Sintomi di fitoplasmosi su giovani piante di susino.

"I tecnici vogliono sottoporre il problema ai tavoli di discussione delle Op e di tutte le istituzioni coinvolte", dicono a FreshPlaza Davide Vernocchi, presidente di ApoConerpo, che rappresenta i produttori nei tavoli istituzionali, e Ugo Palara, responsabile del settore tecnico di Agrintesa, in contatto diretto con gli agricoltori.

"Il nostro - sottolinea Vernocchi - vuole essere un segnale d'allarme, ma anche un invito a discutere e confrontarci con tutte le parti in causa. Dopo anni in cui tutti sono stati chiamati a rispettare i criteri della certificazione delle piante da frutto – i programmi operativi nell'ambito dell'Ocm Frutta sono consentiti solo su piante certificate e tracciate - verifichiamo che sta crescendo in modo preoccupante la mancata rispondenza sanitaria del materiale di propagazione".

Nel percorso tecnico di produzione esistono, infatti, alcune eclatanti criticità. Innanzitutto, la complicata gestione delle piante madri (spesso nemmeno allevate in screen-house), in una sorta di coabitazione tra produzioni vivaistiche e frutticole. E poi i limitati accertamenti sul numero di piante madri rapportato al materiale sviluppato o le tempistiche e modalità con cui vengono controllate dagli organi competenti, pur conoscendone le difficoltà operative.


Vivaio di pesco.

E' possibile continuare fare vivaismo in campo aperto, anche garantendo il rispetto delle "distanze minime" da eventuali focolai? "Anche operando nel rispetto delle norme obbligatorie e volontarie – ricorda Palara – in alcune zone è ormai impossibile garantire la sanità dei materiali prodotti.
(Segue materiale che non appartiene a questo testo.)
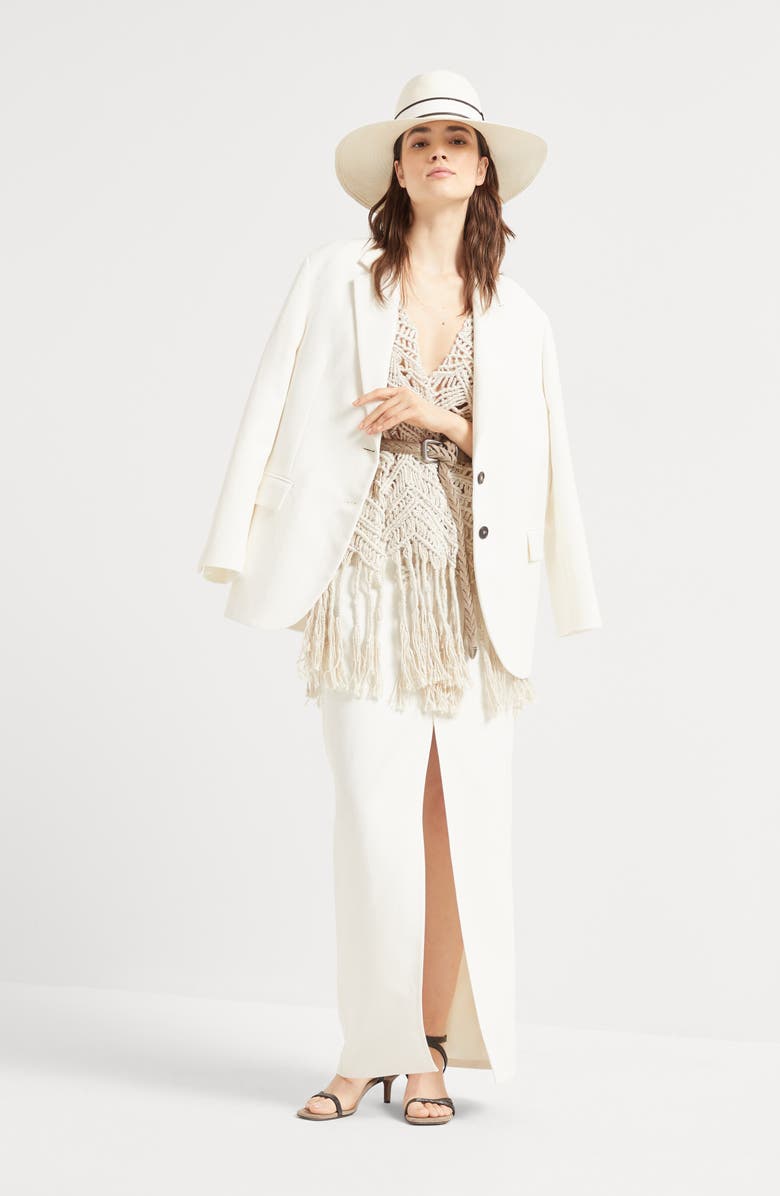 Brunello Cucinelli OPERA Dazzling Macramé cardigan, Alternate, color,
Gli altoatesini, per evitare il problema degli scopazzi sul melo, si sono spostati in aree lontane dalla produzione, mentre in Spagna buona parte delle produzioni vivaistiche avviene in coltura protetta".
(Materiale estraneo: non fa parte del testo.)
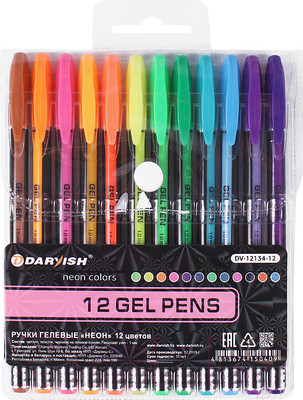 Набор гелевых ручек Darvish DV-12134-12 (12шт)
"Lo stesso Bollino Blu – aggiunge Palara – non rappresenta un sistema di sufficiente garanzia. Si tratta di una procedura che consente la distribuzione in tempi stretti delle innovazioni varietali bypassando i tempi lunghi della certificazione virus-esente. Ma, se da un lato ha risolto l'aspetto della tracciabilità, dall'altro lato non sempre ha garantito un'adeguata sanità al materiale vivaistico".
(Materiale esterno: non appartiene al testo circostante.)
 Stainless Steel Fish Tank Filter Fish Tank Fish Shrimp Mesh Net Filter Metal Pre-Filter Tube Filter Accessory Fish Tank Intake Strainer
"Le Op – prosegue Vernocchi – sarebbero disponibili a investire sulla sanità delle piante e tutti gli interventi utili a ridurre il diffondersi delle malattie. Riteniamo, infatti, che il percorso tecnico debba e possa essere rivisto e migliorato, fermo restando che nessuno degli attori è completamente indenne da critiche". E qui Vernocchi ricorda la cattiva abitudine di alcuni frutticoltori di prelevare le marze senza pagare le royalty gravanti sulle novità varietali, un brutto esempio che contribuisce al rischio di diffondere materiale non controllato.

Insieme alle questioni sanitarie, l'eventuale tavolo di lavoro chiesto da ApoConerpo e Agrintesa potrebbe quindi affrontare anche il delicato tema del mancato rispetto delle privative e l’approvvigionamento da fonti sicure.

"Questa emergenza dovrebbe vederci uniti - conclude Vernocchi – visto che siamo tutti accomunati da un enorme spreco di denaro: i vivaisti per partecipare al sistema volontario di certificazione, l'ente pubblico per controlli e indennizzi, gli agricoltori per l'acquisto delle piante cartellinate".

La domanda è: quante volte dobbiamo pagare per un sistema sulla carta virtuoso che, nella pratica, diventa troppo spesso virtuale? Purtroppo, si deve ammettere che, nonostante i buoni propositi, tanti anni di certificazione vivaistica non hanno risolto i problemi delle piante malate diffuse in campagna; anzi, in alcuni casi la situazione sembra peggiorata.

L'importante è rendersene conto e, dopo aver fatto il punto della situazione, trovare la volontà di riunire i vari portatori di interesse per cercare di correggere le cose che non funzionano.